* [Data excerpts]
☆ ☆ ☆ ☆

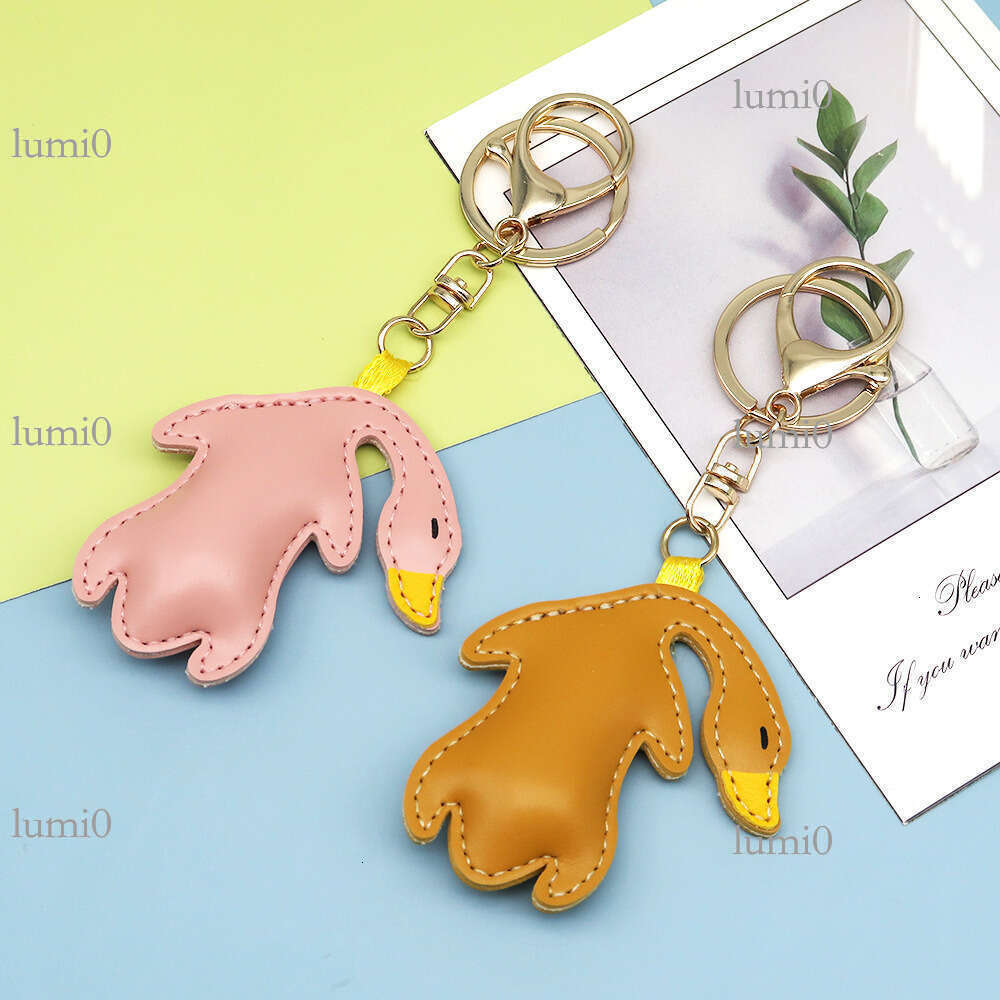 Creative Roast Leather Bag Cartoon Animal Duck Personalized Couple Car Keychain Pendant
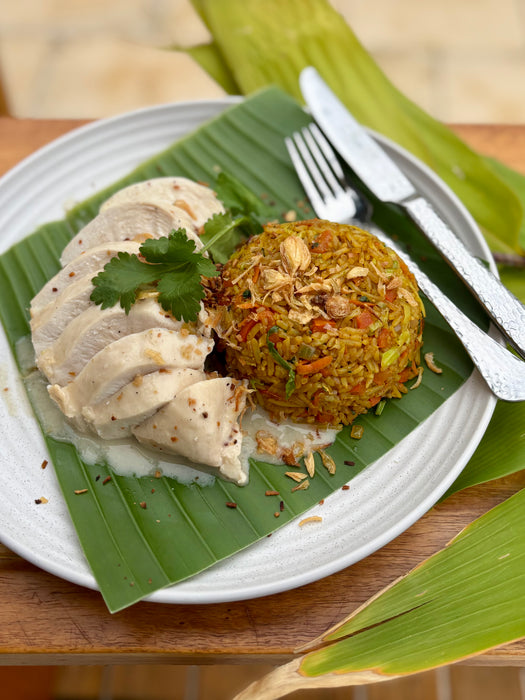 Coconut Poached Chicken served with Nasi Goreng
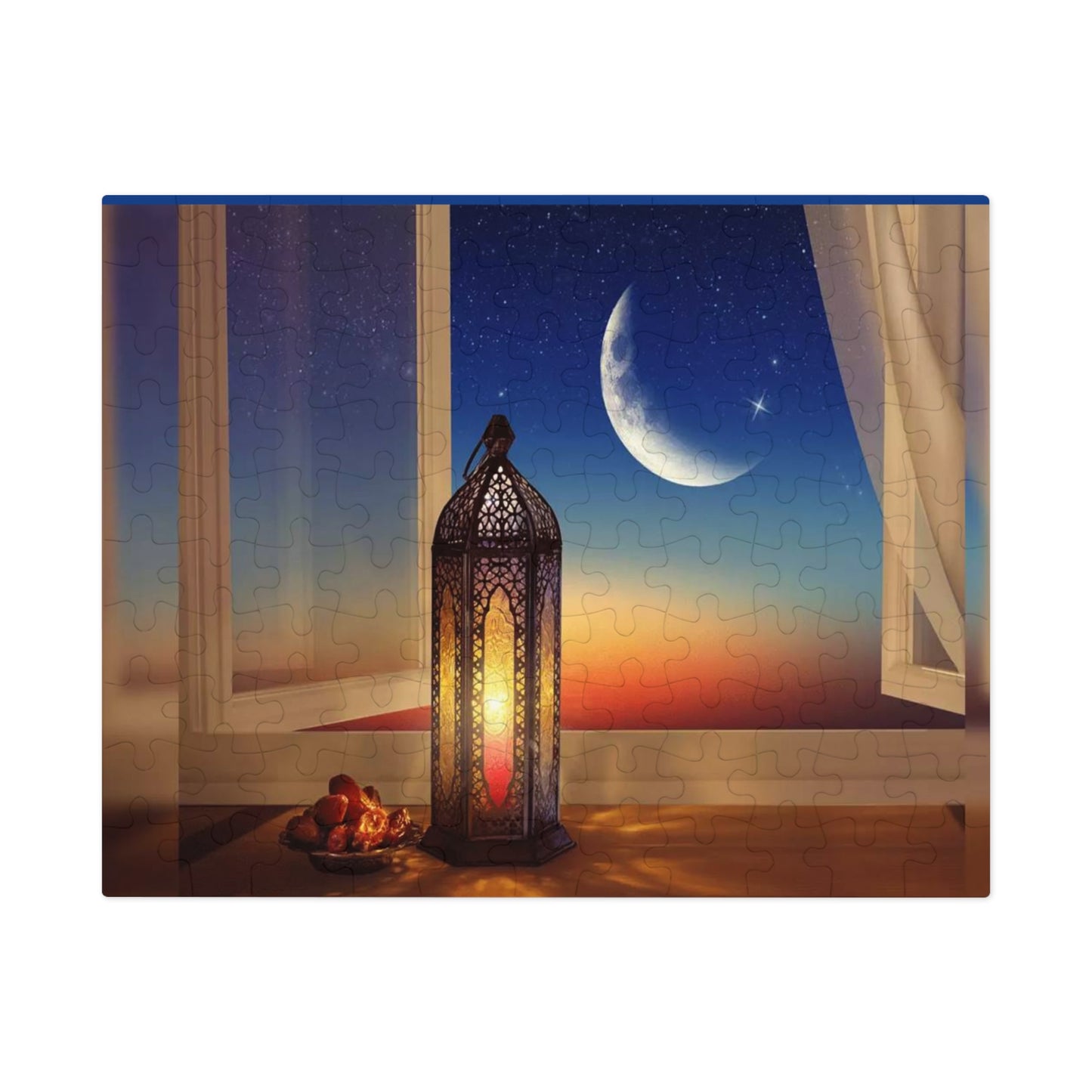 Crescent Moon Lantern Dates Jigsaw Puzzle in Tin - Family Friendly Custom Puzzle with High-Quality Pieces, 30, 110, 252, 500, 1000,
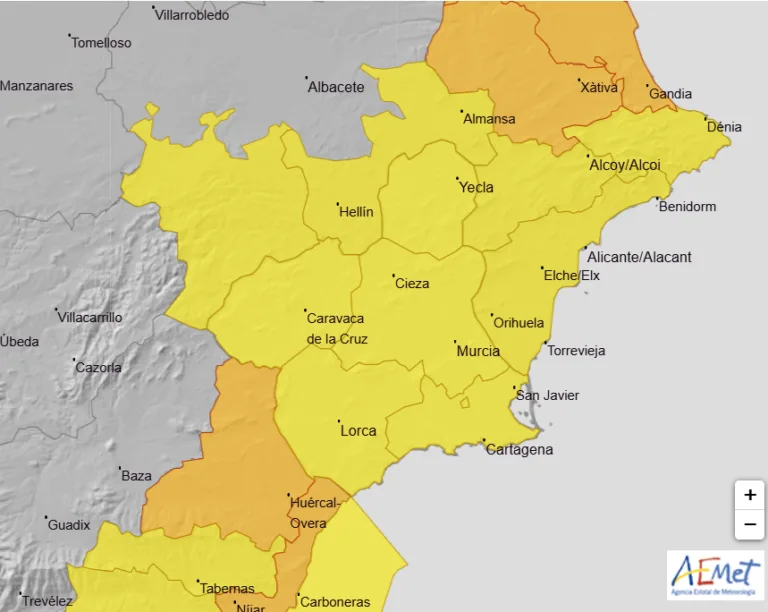 Alerta meteorológica en la Región de Murcia: fuertes lluvias y riesgo de inundaciones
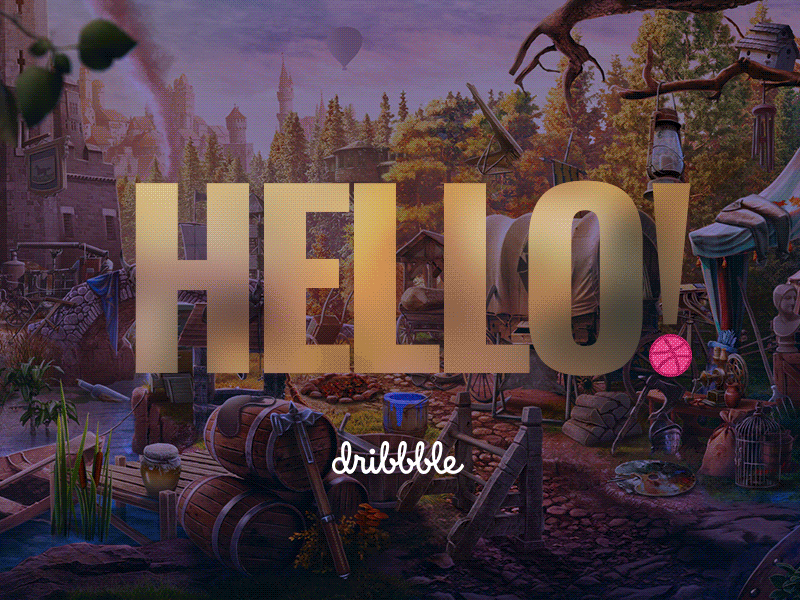Hello Dribbble! animation design draw game animation game art illustration scene unity3d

☆ ☆ ☆ ☆

* [Exercise]
Exactly as written, copy the entries above without their pictures.

* [Written response]
 Creative Roast Leather Bag Cartoon Animal Duck Personalized Couple Car Keychain Pendant
 Coconut Poached Chicken served with Nasi Goreng
 Crescent Moon Lantern Dates Jigsaw Puzzle in Tin - Family Friendly Custom Puzzle with High-Quality Pieces, 30, 110, 252, 500, 1000,
 Alerta meteorológica en la Región de Murcia: fuertes lluvias y riesgo de inundaciones
Hello Dribbble! animation design draw game animation game art illustration scene unity3d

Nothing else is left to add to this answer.